==== Data listing ====

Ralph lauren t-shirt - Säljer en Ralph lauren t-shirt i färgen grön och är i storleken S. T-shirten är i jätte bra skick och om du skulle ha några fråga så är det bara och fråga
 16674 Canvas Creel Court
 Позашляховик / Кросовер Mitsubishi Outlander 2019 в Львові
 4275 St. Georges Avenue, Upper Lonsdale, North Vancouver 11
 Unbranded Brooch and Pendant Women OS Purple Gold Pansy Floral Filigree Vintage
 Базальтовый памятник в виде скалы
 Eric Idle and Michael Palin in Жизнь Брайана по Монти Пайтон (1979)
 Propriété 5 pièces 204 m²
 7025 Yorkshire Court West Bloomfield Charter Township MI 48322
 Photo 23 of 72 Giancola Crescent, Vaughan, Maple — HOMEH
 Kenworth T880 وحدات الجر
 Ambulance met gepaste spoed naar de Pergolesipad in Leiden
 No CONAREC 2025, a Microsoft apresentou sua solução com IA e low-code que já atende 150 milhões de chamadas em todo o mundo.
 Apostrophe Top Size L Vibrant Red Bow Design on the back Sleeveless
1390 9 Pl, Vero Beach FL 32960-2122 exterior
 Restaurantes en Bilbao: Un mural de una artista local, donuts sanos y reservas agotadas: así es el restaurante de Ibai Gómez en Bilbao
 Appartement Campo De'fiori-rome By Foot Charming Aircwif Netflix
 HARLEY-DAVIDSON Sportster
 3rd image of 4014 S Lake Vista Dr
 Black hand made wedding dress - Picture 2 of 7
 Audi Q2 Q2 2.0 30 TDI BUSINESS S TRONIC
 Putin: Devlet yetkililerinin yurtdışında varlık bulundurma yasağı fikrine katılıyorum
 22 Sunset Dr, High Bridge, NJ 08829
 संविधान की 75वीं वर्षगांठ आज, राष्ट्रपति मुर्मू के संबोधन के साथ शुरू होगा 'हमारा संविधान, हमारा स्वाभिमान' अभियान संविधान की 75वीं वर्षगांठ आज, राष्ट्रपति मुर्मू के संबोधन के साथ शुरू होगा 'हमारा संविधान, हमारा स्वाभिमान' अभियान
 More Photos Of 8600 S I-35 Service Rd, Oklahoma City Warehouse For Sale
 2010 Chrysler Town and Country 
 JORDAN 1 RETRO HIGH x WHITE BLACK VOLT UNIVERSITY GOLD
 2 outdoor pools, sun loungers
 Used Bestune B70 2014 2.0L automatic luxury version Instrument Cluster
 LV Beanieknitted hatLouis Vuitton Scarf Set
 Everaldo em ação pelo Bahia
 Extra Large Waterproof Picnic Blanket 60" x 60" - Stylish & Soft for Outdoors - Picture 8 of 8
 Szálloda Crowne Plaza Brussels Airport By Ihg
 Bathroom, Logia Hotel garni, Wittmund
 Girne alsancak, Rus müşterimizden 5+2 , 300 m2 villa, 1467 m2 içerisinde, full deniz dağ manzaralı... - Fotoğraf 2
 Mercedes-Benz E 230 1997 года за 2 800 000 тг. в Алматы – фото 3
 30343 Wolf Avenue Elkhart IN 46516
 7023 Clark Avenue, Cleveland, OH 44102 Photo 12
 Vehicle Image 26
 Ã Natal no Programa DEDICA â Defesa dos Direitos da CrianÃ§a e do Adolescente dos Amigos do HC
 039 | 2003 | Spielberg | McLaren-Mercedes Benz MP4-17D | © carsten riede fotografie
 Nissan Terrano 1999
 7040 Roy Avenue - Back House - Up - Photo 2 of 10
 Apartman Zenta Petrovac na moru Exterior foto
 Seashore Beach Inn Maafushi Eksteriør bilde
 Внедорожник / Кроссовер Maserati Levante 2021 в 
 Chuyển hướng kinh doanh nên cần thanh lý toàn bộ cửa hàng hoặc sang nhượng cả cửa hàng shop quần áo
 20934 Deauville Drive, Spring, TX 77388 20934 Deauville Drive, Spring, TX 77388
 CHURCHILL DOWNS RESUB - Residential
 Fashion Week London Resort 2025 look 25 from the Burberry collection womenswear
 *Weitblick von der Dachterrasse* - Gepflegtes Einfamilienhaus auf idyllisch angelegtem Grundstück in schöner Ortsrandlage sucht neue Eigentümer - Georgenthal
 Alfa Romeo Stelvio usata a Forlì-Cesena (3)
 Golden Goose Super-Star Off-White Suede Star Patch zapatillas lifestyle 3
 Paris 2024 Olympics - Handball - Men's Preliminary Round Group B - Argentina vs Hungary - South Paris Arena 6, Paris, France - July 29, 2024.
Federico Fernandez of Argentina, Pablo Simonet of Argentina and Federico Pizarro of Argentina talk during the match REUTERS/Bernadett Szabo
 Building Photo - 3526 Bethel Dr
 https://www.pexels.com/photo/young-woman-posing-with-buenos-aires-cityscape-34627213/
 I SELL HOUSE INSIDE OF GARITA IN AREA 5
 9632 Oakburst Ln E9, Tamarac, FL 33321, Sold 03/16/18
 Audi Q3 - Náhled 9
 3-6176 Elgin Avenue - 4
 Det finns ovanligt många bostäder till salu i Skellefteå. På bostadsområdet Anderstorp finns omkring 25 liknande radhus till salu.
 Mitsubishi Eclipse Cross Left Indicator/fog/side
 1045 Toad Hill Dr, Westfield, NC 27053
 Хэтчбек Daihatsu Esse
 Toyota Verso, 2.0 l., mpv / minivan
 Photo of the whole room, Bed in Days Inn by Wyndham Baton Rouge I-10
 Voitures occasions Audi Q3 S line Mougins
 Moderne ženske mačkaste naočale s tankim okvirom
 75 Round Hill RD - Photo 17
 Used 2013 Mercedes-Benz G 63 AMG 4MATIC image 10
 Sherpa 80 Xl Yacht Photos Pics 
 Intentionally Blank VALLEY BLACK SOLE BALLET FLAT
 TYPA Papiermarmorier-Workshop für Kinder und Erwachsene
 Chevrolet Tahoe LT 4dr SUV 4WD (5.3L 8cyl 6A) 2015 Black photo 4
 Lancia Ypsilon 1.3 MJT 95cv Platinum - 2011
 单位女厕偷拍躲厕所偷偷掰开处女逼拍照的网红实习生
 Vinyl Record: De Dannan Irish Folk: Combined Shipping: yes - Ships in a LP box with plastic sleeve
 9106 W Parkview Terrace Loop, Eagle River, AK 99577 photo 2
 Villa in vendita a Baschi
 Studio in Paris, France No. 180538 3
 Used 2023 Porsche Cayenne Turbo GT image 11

====

▸ The task:
Each line of the data above is to be duplicated exactly.

▸ Response area:
Ralph lauren t-shirt - Säljer en Ralph lauren t-shirt i färgen grön och är i storleken S. T-shirten är i jätte bra skick och om du skulle ha några fråga så är det bara och fråga
 16674 Canvas Creel Court
 Позашляховик / Кросовер Mitsubishi Outlander 2019 в Львові
 4275 St. Georges Avenue, Upper Lonsdale, North Vancouver 11
 Unbranded Brooch and Pendant Women OS Purple Gold Pansy Floral Filigree Vintage
 Базальтовый памятник в виде скалы
 Eric Idle and Michael Palin in Жизнь Брайана по Монти Пайтон (1979)
 Propriété 5 pièces 204 m²
 7025 Yorkshire Court West Bloomfield Charter Township MI 48322
 Photo 23 of 72 Giancola Crescent, Vaughan, Maple — HOMEH
 Kenworth T880 وحدات الجر
 Ambulance met gepaste spoed naar de Pergolesipad in Leiden
 No CONAREC 2025, a Microsoft apresentou sua solução com IA e low-code que já atende 150 milhões de chamadas em todo o mundo.
 Apostrophe Top Size L Vibrant Red Bow Design on the back Sleeveless
1390 9 Pl, Vero Beach FL 32960-2122 exterior
 Restaurantes en Bilbao: Un mural de una artista local, donuts sanos y reservas agotadas: así es el restaurante de Ibai Gómez en Bilbao
 Appartement Campo De'fiori-rome By Foot Charming Aircwif Netflix
 HARLEY-DAVIDSON Sportster
 3rd image of 4014 S Lake Vista Dr
 Black hand made wedding dress - Picture 2 of 7
 Audi Q2 Q2 2.0 30 TDI BUSINESS S TRONIC
 Putin: Devlet yetkililerinin yurtdışında varlık bulundurma yasağı fikrine katılıyorum
 22 Sunset Dr, High Bridge, NJ 08829
 संविधान की 75वीं वर्षगांठ आज, राष्ट्रपति मुर्मू के संबोधन के साथ शुरू होगा 'हमारा संविधान, हमारा स्वाभिमान' अभियान संविधान की 75वीं वर्षगांठ आज, राष्ट्रपति मुर्मू के संबोधन के साथ शुरू होगा 'हमारा संविधान, हमारा स्वाभिमान' अभियान
 More Photos Of 8600 S I-35 Service Rd, Oklahoma City Warehouse For Sale
 2010 Chrysler Town and Country 
 JORDAN 1 RETRO HIGH x WHITE BLACK VOLT UNIVERSITY GOLD
 2 outdoor pools, sun loungers
 Used Bestune B70 2014 2.0L automatic luxury version Instrument Cluster
 LV Beanieknitted hatLouis Vuitton Scarf Set
 Everaldo em ação pelo Bahia
 Extra Large Waterproof Picnic Blanket 60" x 60" - Stylish & Soft for Outdoors - Picture 8 of 8
 Szálloda Crowne Plaza Brussels Airport By Ihg
 Bathroom, Logia Hotel garni, Wittmund
 Girne alsancak, Rus müşterimizden 5+2 , 300 m2 villa, 1467 m2 içerisinde, full deniz dağ manzaralı... - Fotoğraf 2
 Mercedes-Benz E 230 1997 года за 2 800 000 тг. в Алматы – фото 3
 30343 Wolf Avenue Elkhart IN 46516
 7023 Clark Avenue, Cleveland, OH 44102 Photo 12
 Vehicle Image 26
 Ã Natal no Programa DEDICA â Defesa dos Direitos da CrianÃ§a e do Adolescente dos Amigos do HC
 039 | 2003 | Spielberg | McLaren-Mercedes Benz MP4-17D | © carsten riede fotografie
 Nissan Terrano 1999
 7040 Roy Avenue - Back House - Up - Photo 2 of 10
 Apartman Zenta Petrovac na moru Exterior foto
 Seashore Beach Inn Maafushi Eksteriør bilde
 Внедорожник / Кроссовер Maserati Levante 2021 в 
 Chuyển hướng kinh doanh nên cần thanh lý toàn bộ cửa hàng hoặc sang nhượng cả cửa hàng shop quần áo
 20934 Deauville Drive, Spring, TX 77388 20934 Deauville Drive, Spring, TX 77388
 CHURCHILL DOWNS RESUB - Residential
 Fashion Week London Resort 2025 look 25 from the Burberry collection womenswear
 *Weitblick von der Dachterrasse* - Gepflegtes Einfamilienhaus auf idyllisch angelegtem Grundstück in schöner Ortsrandlage sucht neue Eigentümer - Georgenthal
 Alfa Romeo Stelvio usata a Forlì-Cesena (3)
 Golden Goose Super-Star Off-White Suede Star Patch zapatillas lifestyle 3
 Paris 2024 Olympics - Handball - Men's Preliminary Round Group B - Argentina vs Hungary - South Paris Arena 6, Paris, France - July 29, 2024.
Federico Fernandez of Argentina, Pablo Simonet of Argentina and Federico Pizarro of Argentina talk during the match REUTERS/Bernadett Szabo
 Building Photo - 3526 Bethel Dr
 https://www.pexels.com/photo/young-woman-posing-with-buenos-aires-cityscape-34627213/
 I SELL HOUSE INSIDE OF GARITA IN AREA 5
 9632 Oakburst Ln E9, Tamarac, FL 33321, Sold 03/16/18
 Audi Q3 - Náhled 9
 3-6176 Elgin Avenue - 4
 Det finns ovanligt många bostäder till salu i Skellefteå. På bostadsområdet Anderstorp finns omkring 25 liknande radhus till salu.
 Mitsubishi Eclipse Cross Left Indicator/fog/side
 1045 Toad Hill Dr, Westfield, NC 27053
 Хэтчбек Daihatsu Esse
 Toyota Verso, 2.0 l., mpv / minivan
 Photo of the whole room, Bed in Days Inn by Wyndham Baton Rouge I-10
 Voitures occasions Audi Q3 S line Mougins
 Moderne ženske mačkaste naočale s tankim okvirom
 75 Round Hill RD - Photo 17
 Used 2013 Mercedes-Benz G 63 AMG 4MATIC image 10
 Sherpa 80 Xl Yacht Photos Pics 
 Intentionally Blank VALLEY BLACK SOLE BALLET FLAT
 TYPA Papiermarmorier-Workshop für Kinder und Erwachsene
 Chevrolet Tahoe LT 4dr SUV 4WD (5.3L 8cyl 6A) 2015 Black photo 4
 Lancia Ypsilon 1.3 MJT 95cv Platinum - 2011
 单位女厕偷拍躲厕所偷偷掰开处女逼拍照的网红实习生
 Vinyl Record: De Dannan Irish Folk: Combined Shipping: yes - Ships in a LP box with plastic sleeve
 9106 W Parkview Terrace Loop, Eagle River, AK 99577 photo 2
 Villa in vendita a Baschi
 Studio in Paris, France No. 180538 3
 Used 2023 Porsche Cayenne Turbo GT image 11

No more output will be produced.